◆ To do
Output only the stretch of the listing that starts at the line containing "8641 N Shermer" and ends at the line containing "UNDER ARMOUR PURSUIT 3", reproduced exactly with both ends.

..............................

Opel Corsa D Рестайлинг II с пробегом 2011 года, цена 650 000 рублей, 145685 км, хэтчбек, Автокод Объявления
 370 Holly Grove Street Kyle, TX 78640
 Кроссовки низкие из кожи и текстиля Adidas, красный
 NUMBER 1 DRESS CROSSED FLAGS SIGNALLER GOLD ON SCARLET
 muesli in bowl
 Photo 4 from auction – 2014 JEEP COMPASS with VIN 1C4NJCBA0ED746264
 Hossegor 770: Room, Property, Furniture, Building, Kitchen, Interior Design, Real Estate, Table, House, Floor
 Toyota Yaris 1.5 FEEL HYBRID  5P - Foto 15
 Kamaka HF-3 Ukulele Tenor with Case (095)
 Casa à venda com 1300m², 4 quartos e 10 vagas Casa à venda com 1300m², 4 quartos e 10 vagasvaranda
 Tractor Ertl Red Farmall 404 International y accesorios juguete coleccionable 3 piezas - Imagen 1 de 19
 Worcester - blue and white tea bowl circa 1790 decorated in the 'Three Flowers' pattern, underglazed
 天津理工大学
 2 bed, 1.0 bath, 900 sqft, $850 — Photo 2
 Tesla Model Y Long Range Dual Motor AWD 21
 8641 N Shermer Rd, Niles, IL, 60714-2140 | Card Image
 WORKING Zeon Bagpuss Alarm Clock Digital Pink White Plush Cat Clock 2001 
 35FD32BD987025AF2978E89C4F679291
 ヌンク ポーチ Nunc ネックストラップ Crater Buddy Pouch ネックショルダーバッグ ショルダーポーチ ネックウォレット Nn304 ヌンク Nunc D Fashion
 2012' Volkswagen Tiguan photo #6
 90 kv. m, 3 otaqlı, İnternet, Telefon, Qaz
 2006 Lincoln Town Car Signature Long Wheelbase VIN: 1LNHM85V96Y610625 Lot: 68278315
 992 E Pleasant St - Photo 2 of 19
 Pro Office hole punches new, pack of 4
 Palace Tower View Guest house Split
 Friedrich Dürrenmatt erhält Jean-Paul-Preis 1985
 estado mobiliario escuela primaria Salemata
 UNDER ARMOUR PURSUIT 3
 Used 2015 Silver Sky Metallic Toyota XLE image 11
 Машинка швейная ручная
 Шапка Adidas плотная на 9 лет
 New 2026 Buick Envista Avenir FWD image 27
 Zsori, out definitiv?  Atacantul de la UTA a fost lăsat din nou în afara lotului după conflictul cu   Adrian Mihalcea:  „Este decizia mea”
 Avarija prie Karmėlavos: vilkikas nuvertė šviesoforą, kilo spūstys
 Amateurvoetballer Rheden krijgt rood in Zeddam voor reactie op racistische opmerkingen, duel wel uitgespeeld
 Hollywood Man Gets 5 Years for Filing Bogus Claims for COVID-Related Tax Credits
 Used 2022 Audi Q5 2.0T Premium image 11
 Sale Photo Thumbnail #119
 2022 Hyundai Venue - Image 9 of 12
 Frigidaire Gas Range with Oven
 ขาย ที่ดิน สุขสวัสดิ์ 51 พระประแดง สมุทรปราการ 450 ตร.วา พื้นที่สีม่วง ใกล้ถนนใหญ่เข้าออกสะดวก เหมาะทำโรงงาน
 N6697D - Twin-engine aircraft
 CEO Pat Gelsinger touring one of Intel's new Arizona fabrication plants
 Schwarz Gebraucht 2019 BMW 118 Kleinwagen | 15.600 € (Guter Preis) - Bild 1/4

..............................

◆ Written response
 8641 N Shermer Rd, Niles, IL, 60714-2140 | Card Image
 WORKING Zeon Bagpuss Alarm Clock Digital Pink White Plush Cat Clock 2001 
 35FD32BD987025AF2978E89C4F679291
 ヌンク ポーチ Nunc ネックストラップ Crater Buddy Pouch ネックショルダーバッグ ショルダーポーチ ネックウォレット Nn304 ヌンク Nunc D Fashion
 2012' Volkswagen Tiguan photo #6
 90 kv. m, 3 otaqlı, İnternet, Telefon, Qaz
 2006 Lincoln Town Car Signature Long Wheelbase VIN: 1LNHM85V96Y610625 Lot: 68278315
 992 E Pleasant St - Photo 2 of 19
 Pro Office hole punches new, pack of 4
 Palace Tower View Guest house Split
 Friedrich Dürrenmatt erhält Jean-Paul-Preis 1985
 estado mobiliario escuela primaria Salemata
 UNDER ARMOUR PURSUIT 3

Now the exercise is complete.